**What you need to do**
Repeat the data that follows exactly, starting at the line with "姜葱炒蟹的最佳选择：哪种蟹更美味？" and ending at the line with "瓜迪奥拉盛赞多库边锋天赋与哈兰德无与伦比的门前嗅觉", and leave out every picture.

**Data extracts**
* * * * *
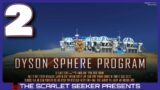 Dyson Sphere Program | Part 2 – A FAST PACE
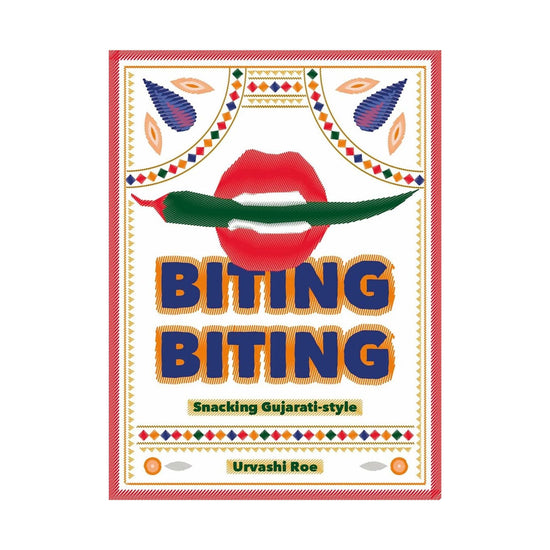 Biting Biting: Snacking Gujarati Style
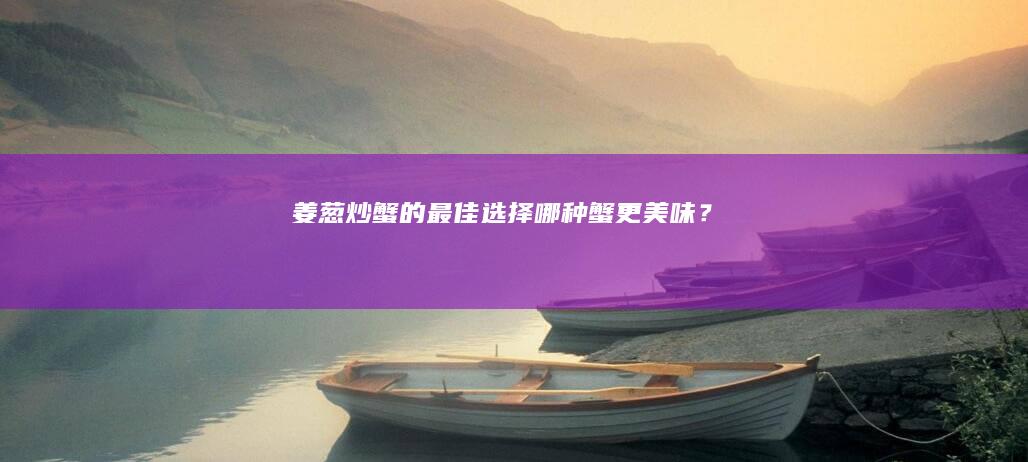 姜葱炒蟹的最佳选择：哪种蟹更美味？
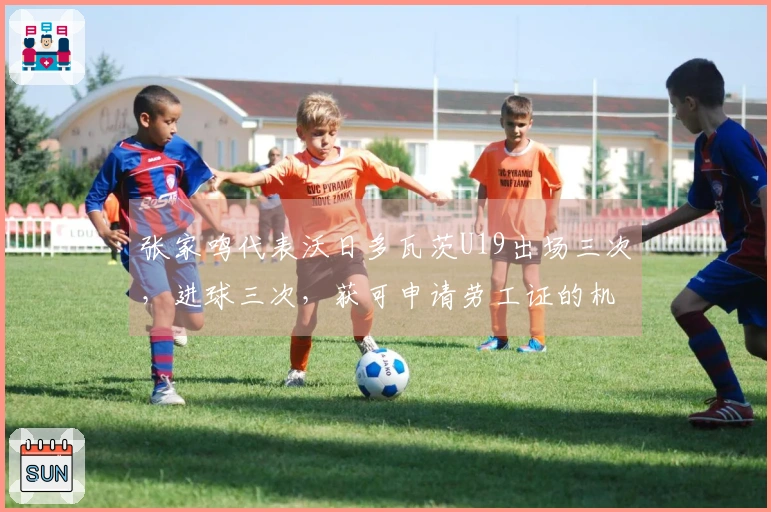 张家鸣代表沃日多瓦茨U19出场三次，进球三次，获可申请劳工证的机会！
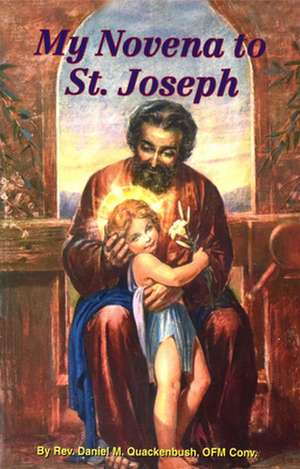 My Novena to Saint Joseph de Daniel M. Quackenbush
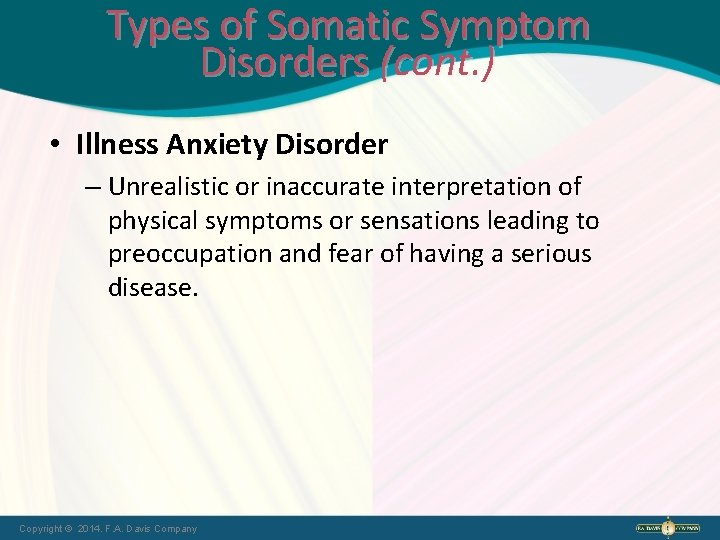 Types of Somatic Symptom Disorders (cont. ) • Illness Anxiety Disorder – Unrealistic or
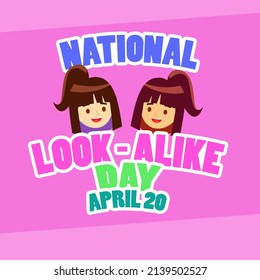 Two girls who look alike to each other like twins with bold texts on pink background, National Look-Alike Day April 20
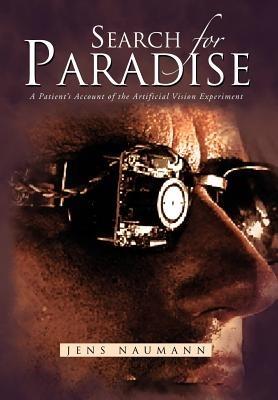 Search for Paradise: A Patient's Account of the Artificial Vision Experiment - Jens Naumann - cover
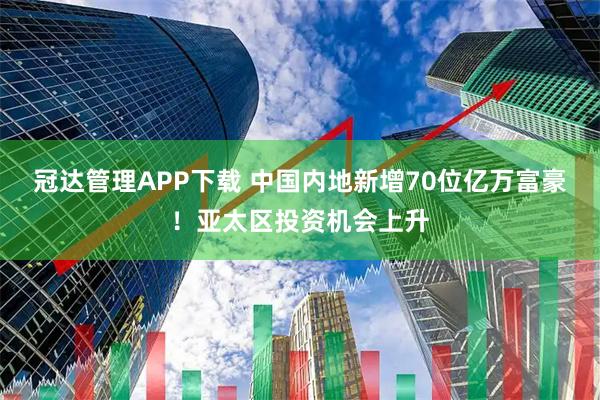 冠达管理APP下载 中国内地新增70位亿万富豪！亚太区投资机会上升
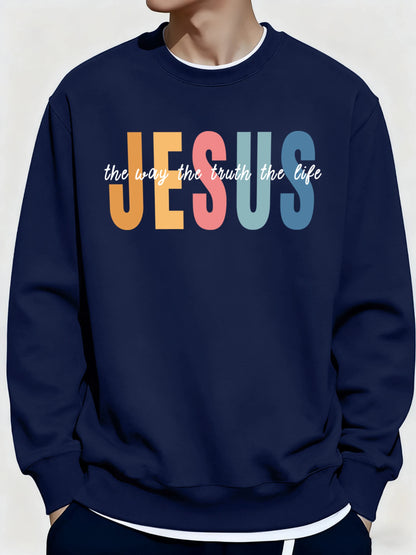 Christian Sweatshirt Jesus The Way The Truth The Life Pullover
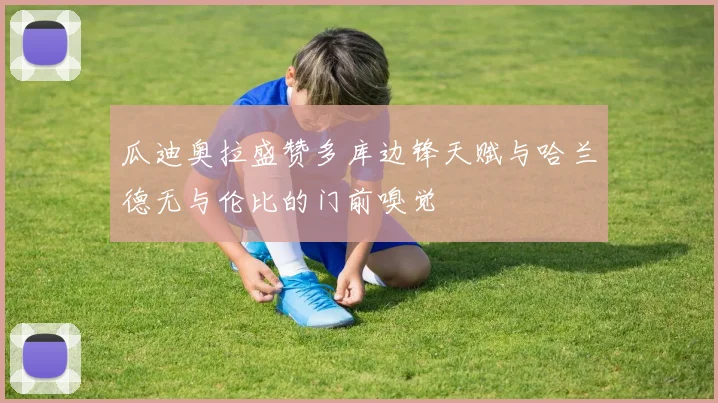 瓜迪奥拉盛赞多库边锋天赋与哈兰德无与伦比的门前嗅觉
* * * * *
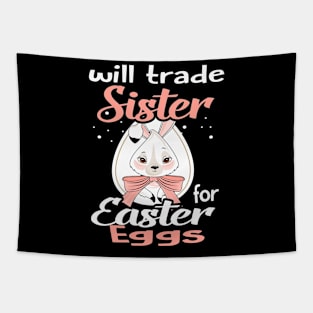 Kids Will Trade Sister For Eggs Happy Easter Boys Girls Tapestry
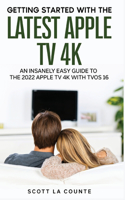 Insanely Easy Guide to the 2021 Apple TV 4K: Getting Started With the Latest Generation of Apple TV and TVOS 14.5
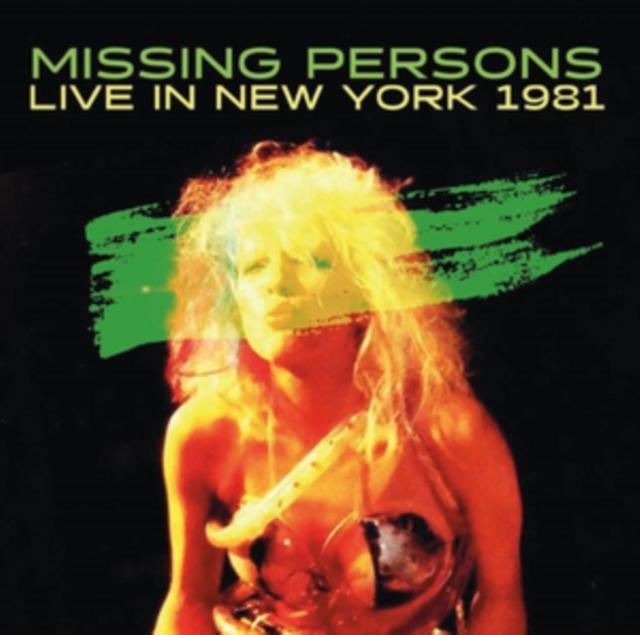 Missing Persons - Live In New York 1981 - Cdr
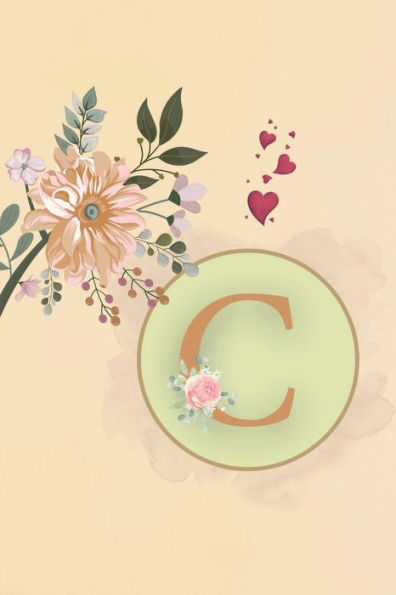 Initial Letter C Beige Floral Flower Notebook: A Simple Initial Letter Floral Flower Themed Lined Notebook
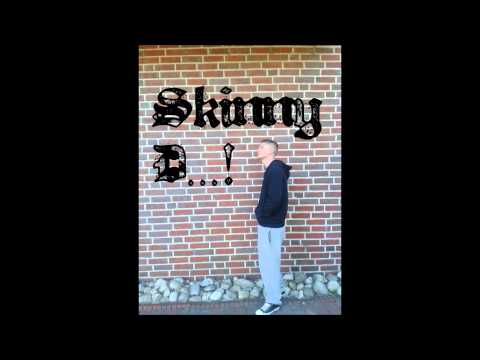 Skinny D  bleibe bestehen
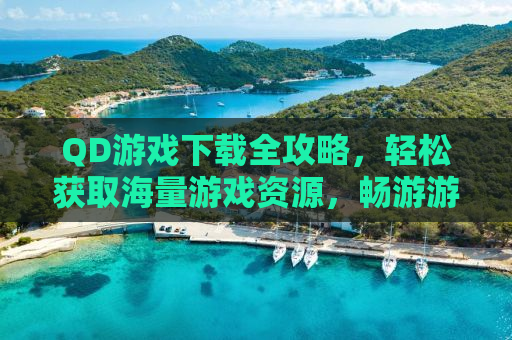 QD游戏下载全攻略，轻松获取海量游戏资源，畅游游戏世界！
* * * * *
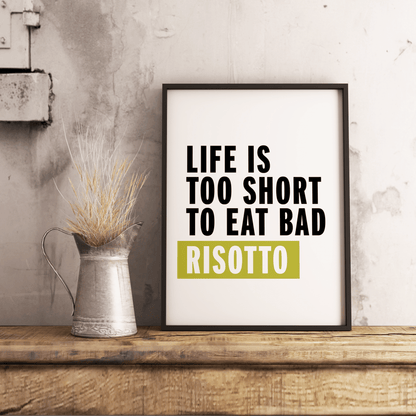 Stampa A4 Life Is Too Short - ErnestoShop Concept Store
* * * * *
**Solution to this task**
 姜葱炒蟹的最佳选择：哪种蟹更美味？
 张家鸣代表沃日多瓦茨U19出场三次，进球三次，获可申请劳工证的机会！
 My Novena to Saint Joseph de Daniel M. Quackenbush
 Types of Somatic Symptom Disorders (cont. ) • Illness Anxiety Disorder – Unrealistic or
 Two girls who look alike to each other like twins with bold texts on pink background, National Look-Alike Day April 20
 Search for Paradise: A Patient's Account of the Artificial Vision Experiment - Jens Naumann - cover
 冠达管理APP下载 中国内地新增70位亿万富豪！亚太区投资机会上升
 Christian Sweatshirt Jesus The Way The Truth The Life Pullover
 瓜迪奥拉盛赞多库边锋天赋与哈兰德无与伦比的门前嗅觉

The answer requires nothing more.